Olya, it turned out, was from Siberia. She didn’t bother to tell me which city because it wouldn’t have meant anything to me anyway. While she, Misha, and Denis knew American geography in great detail, I knew embarrassingly little about the former Soviet Union. When Olya was in her 20s, a girl she knew moved to Turkmenistan for work and then invited her to visit. She did, and liked it so much she decided to stay. The bazaars were full, the winters were mild – it was “paradise,” she told me. She soon met and married Misha, who was an officer in the Soviet air force, posted at a base just outside Abadan.

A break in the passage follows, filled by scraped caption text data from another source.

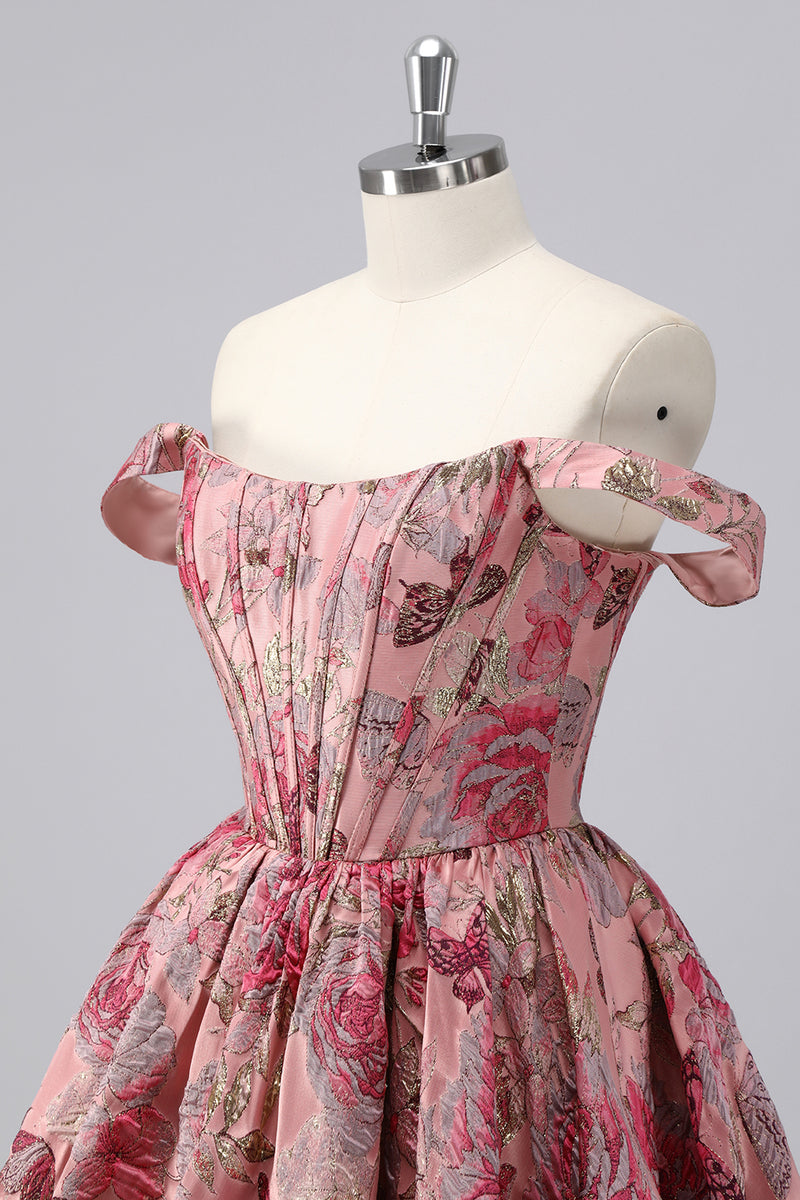 Laden Sie das Bild in den Galerie-Viewer, Dunkelgrünes A-Linie Schulterfreies Cocktailkleid mit Blumenmuster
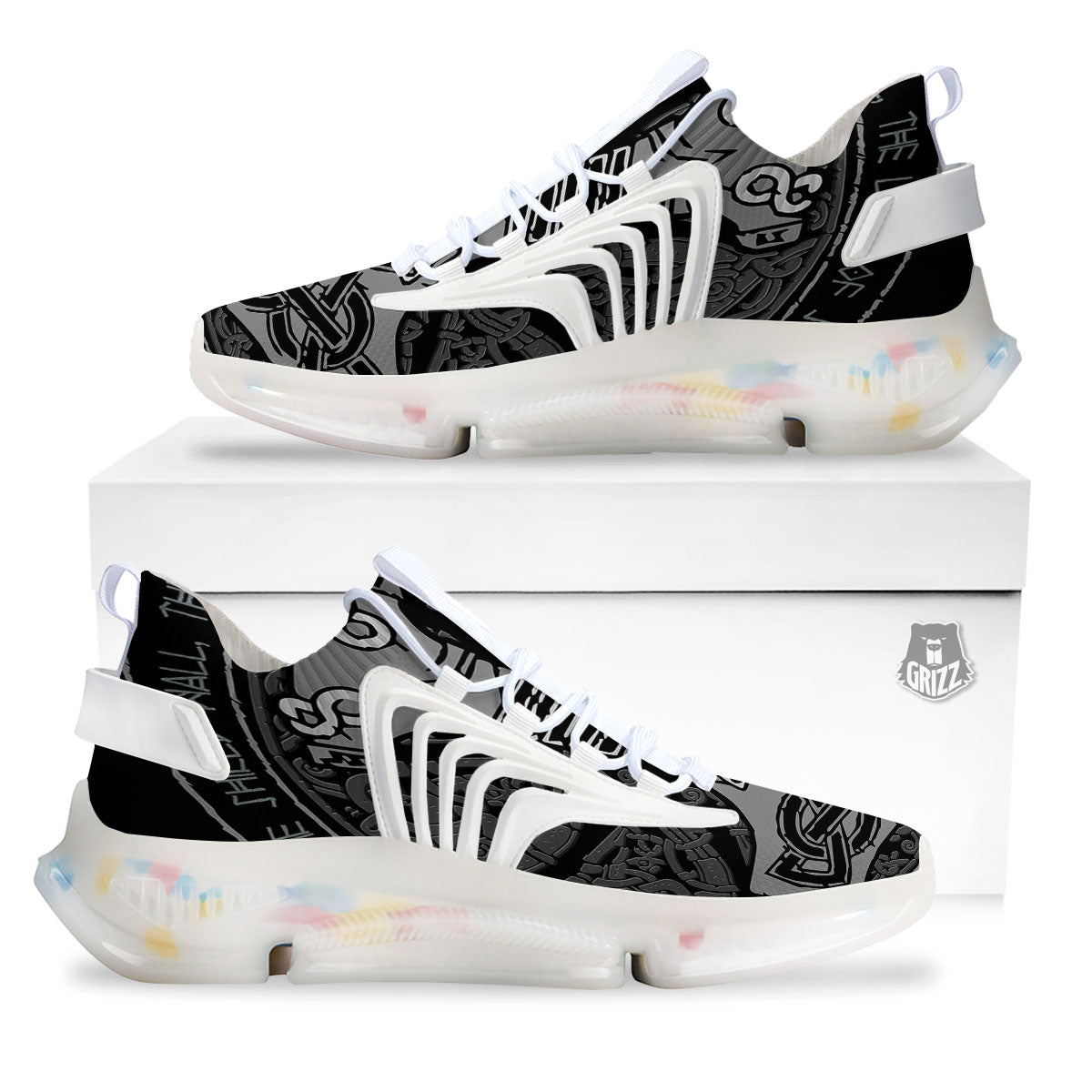 Runes Scandinavian And Mjolnir Print White Gym Shoes-grizzshop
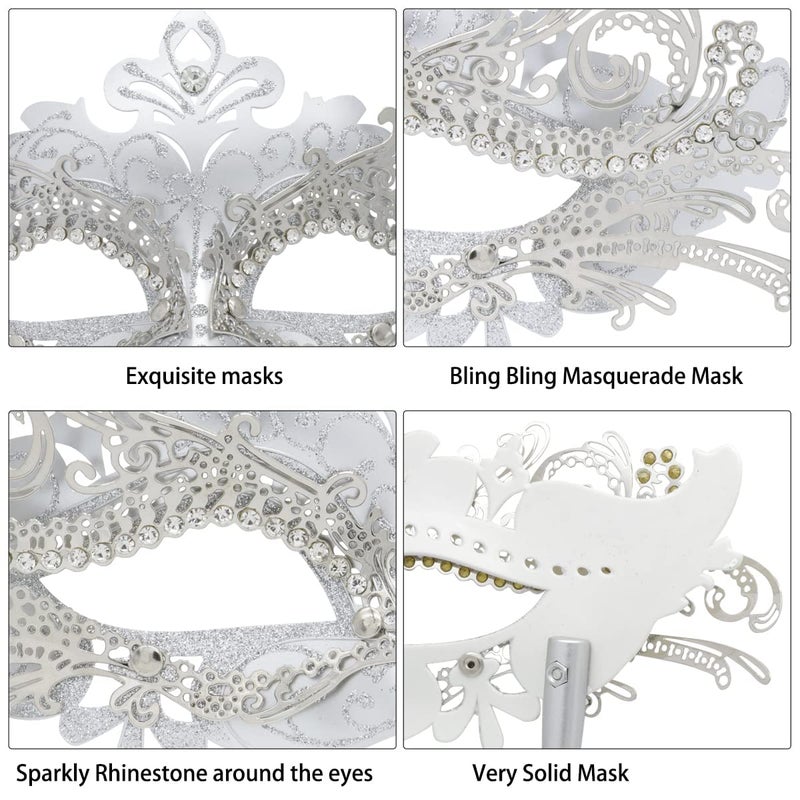 Coddsmz Masquerade Mask with Holding Stick Venetian Halloween Costume Mask Mardi Gras Mask for Womens Party - Image 5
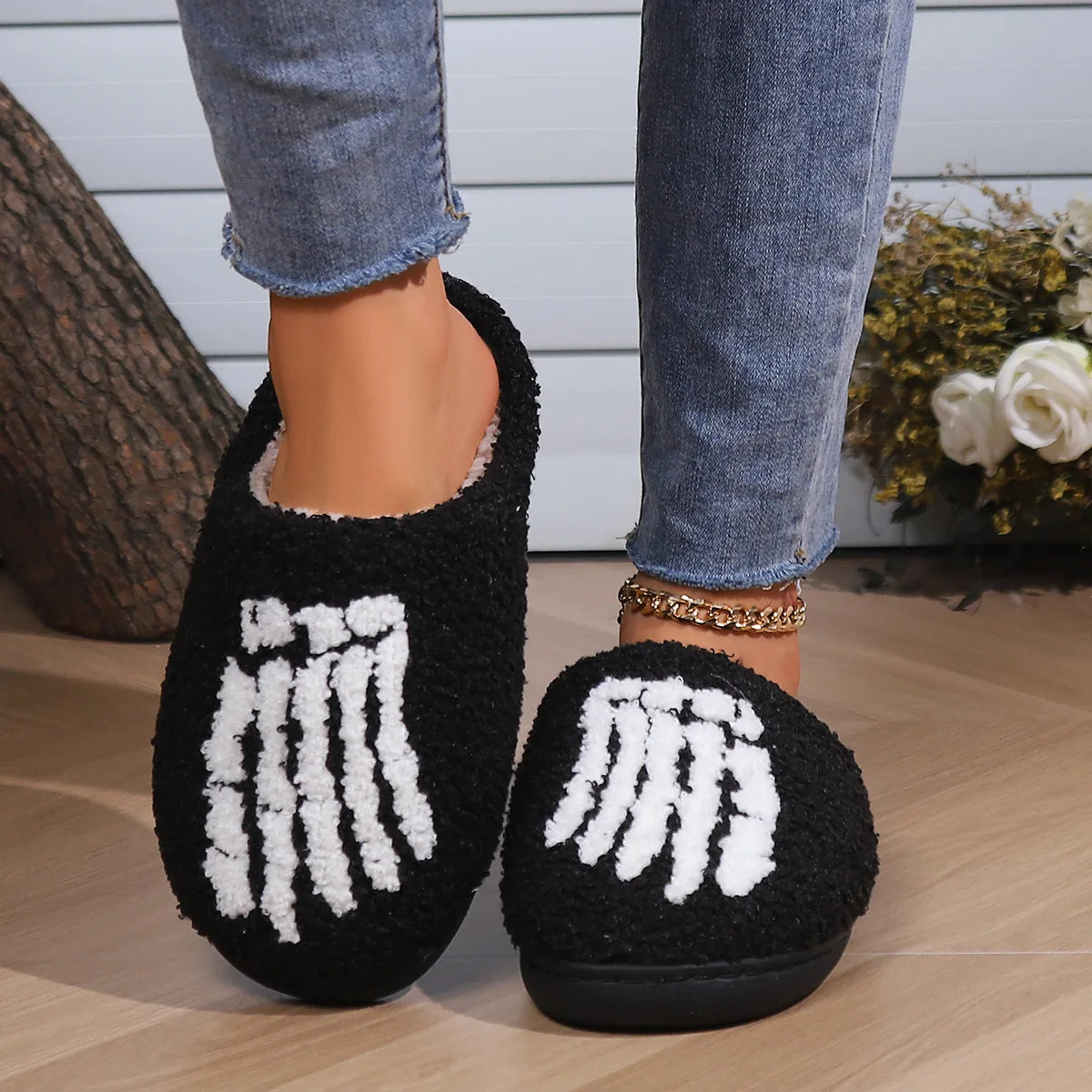 Women's Halloween Skull Plush Indoor Slippers – Warm Non-Slip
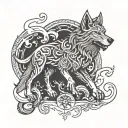 fenrir viking norse wolf tattoo design idea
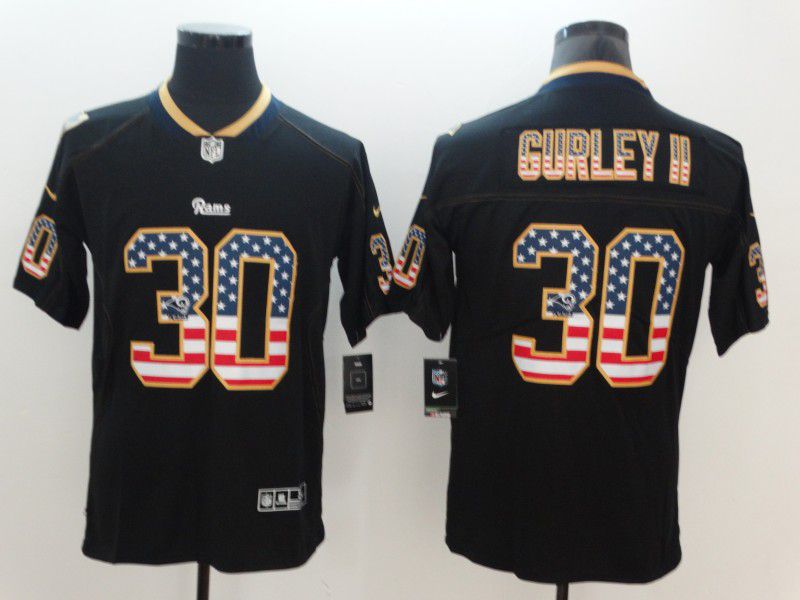 Men Los Angeles Rams #30 Gurley ii Nike USA Flag Fashion Black Color Rush Limited NFL Jerseys->atlanta falcons->NFL Jersey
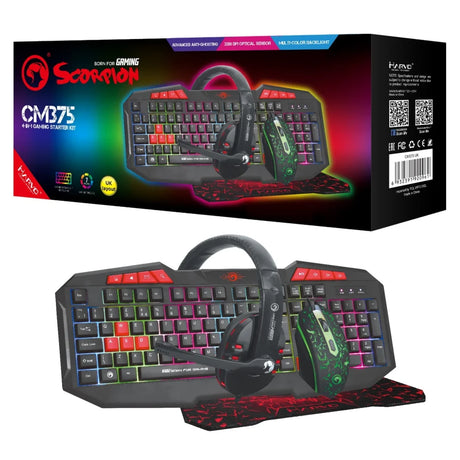 Marvo Scorpion CM375 4 - in - 1 Gaming Bundle Wired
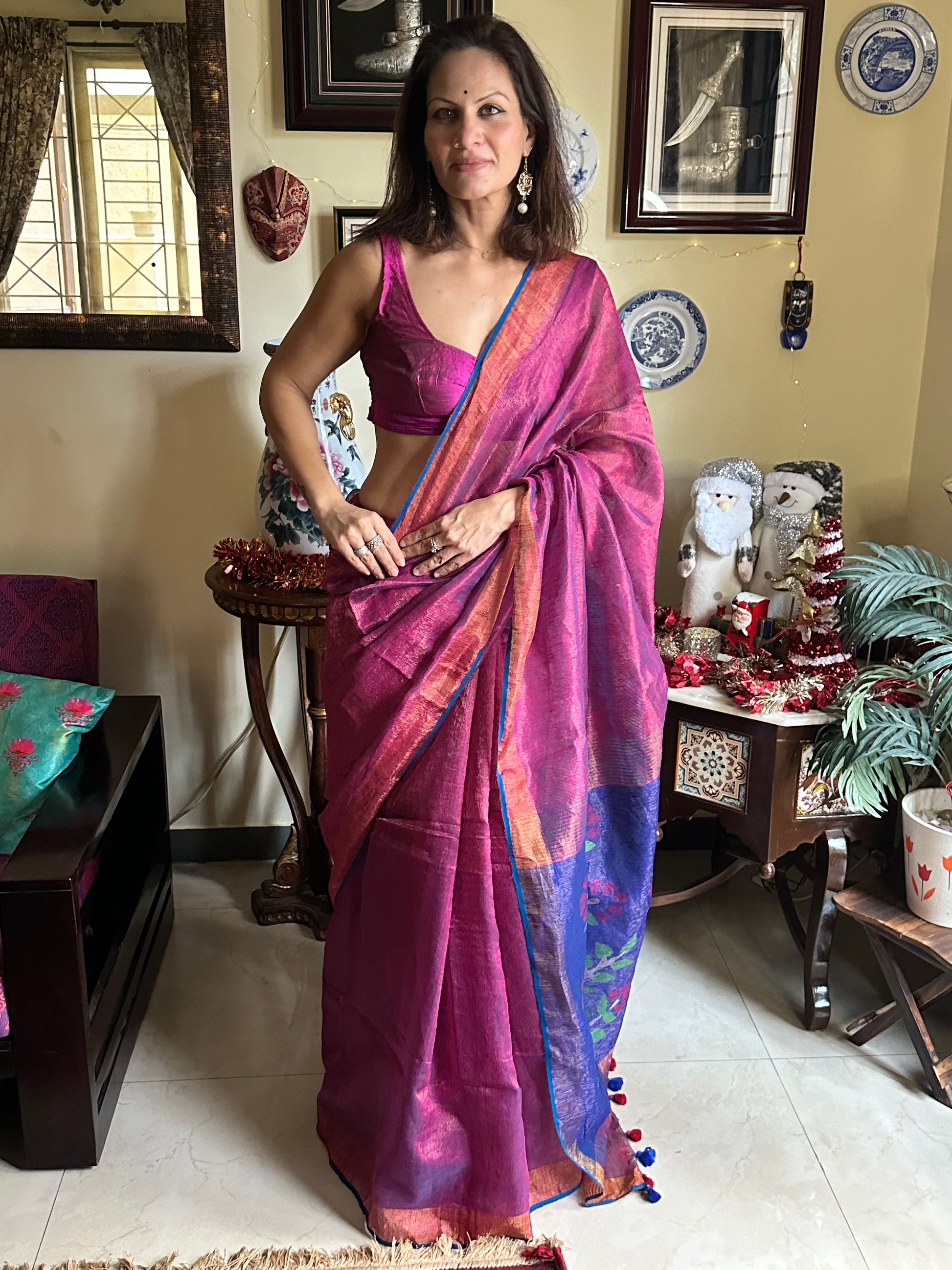 Matka Silk Tissue with Intricate Jamdani Work Over Pallu - Raahini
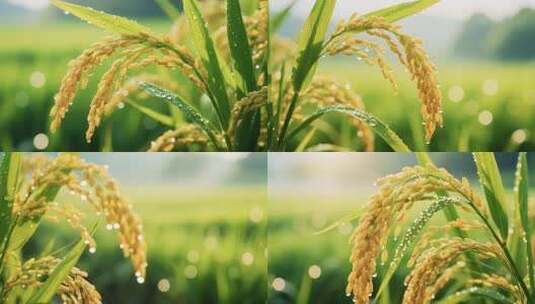 稻田稻穗特写高清在线视频素材下载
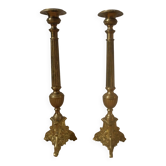 Pair of spades candlesticks candelabra candlesticks antique religious brass country decoration
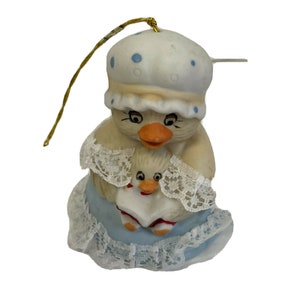 Ornament Caring Critter Chimer Momma Duck with Baby Duck by Jasco 3&quot;
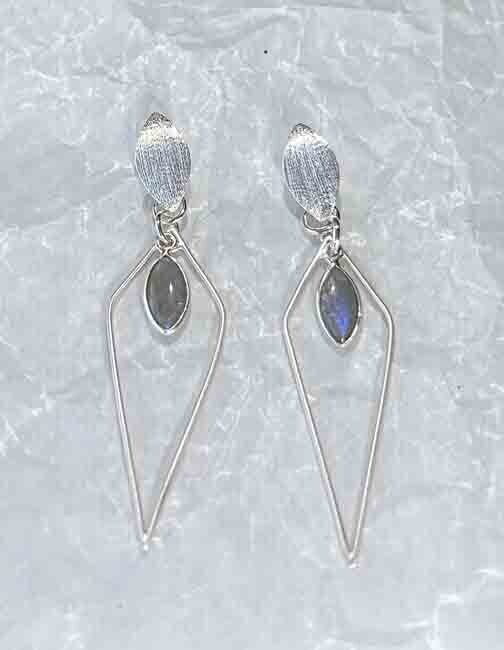 SILVER LABRADORITE MARQUISE EARRINGS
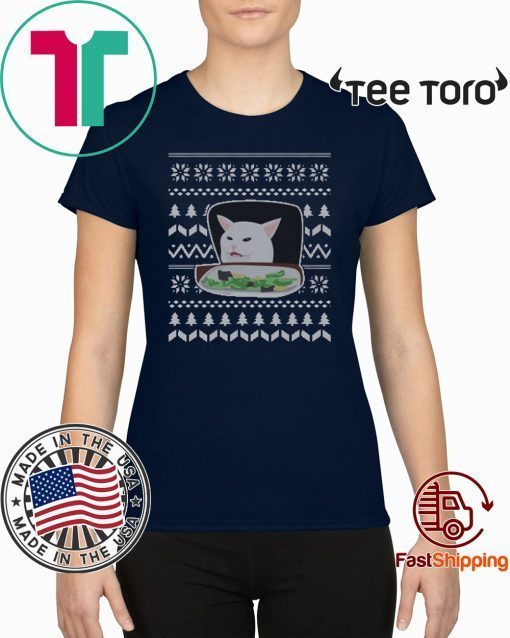 Cat At Dinner Table Ugly Christmas Shirt Smudge Lord The Cat Meme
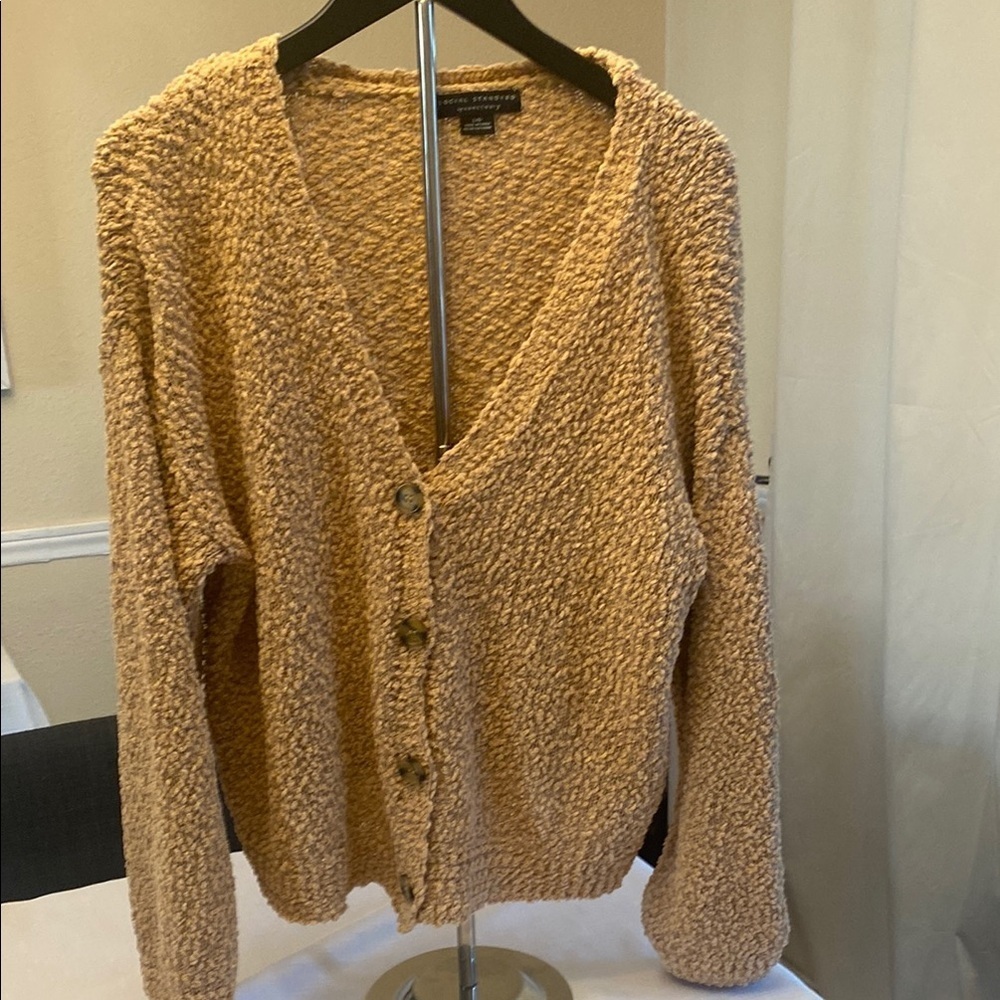 Cozy Tan Textured Knit Cardigan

The base was still there, home to fighter jets and helicopters, its hangars covered with dirt and disguised as hills. Misha had long since retired from the military and become a fre
elance carpenter. He didn’t seem to work much, though. Every morning when Olya went to work and Sasha went to school, Misha and Denis would also leave, supposedly to spend all day building cabinets, chairs, doors, and shelves. Every once in a while, though, I would forget something and return home later in the morning. I would invariably find Misha sleeping or lounging in front of the television. And that was when he wasn’t away on his frequent two-and three-day fishing trips. (He would return with a couple dozen hand-sized fish, which he would salt and hang on a clothesline near the window in my room to dry. This meant my room always smelled like old fish. It also meant, however, that we always had something to snack on while we played cards).
The Plotnikovs might have lived for decades in Turkmenistan, but they still considered themselves Russians. Denis, who had been born in Abadan and had spent his entire life there, spoke only the most basic Turkmen. Olya and Misha didn’t speak any. This resistance to assimilation wasn’t unique to Russians. While many Americans assume that anyone who immigrates to the US can become an American, too, the attitude is different in Turkmenistan. There, nationality is about blood, about history. It doesn’t change. Turkmen passports recorded their holders’ nationalities and casual descriptions of people invariably included nationalities. The Plotnikovs were friendly with a few Turkmen, but spent their time mostly with other Russians.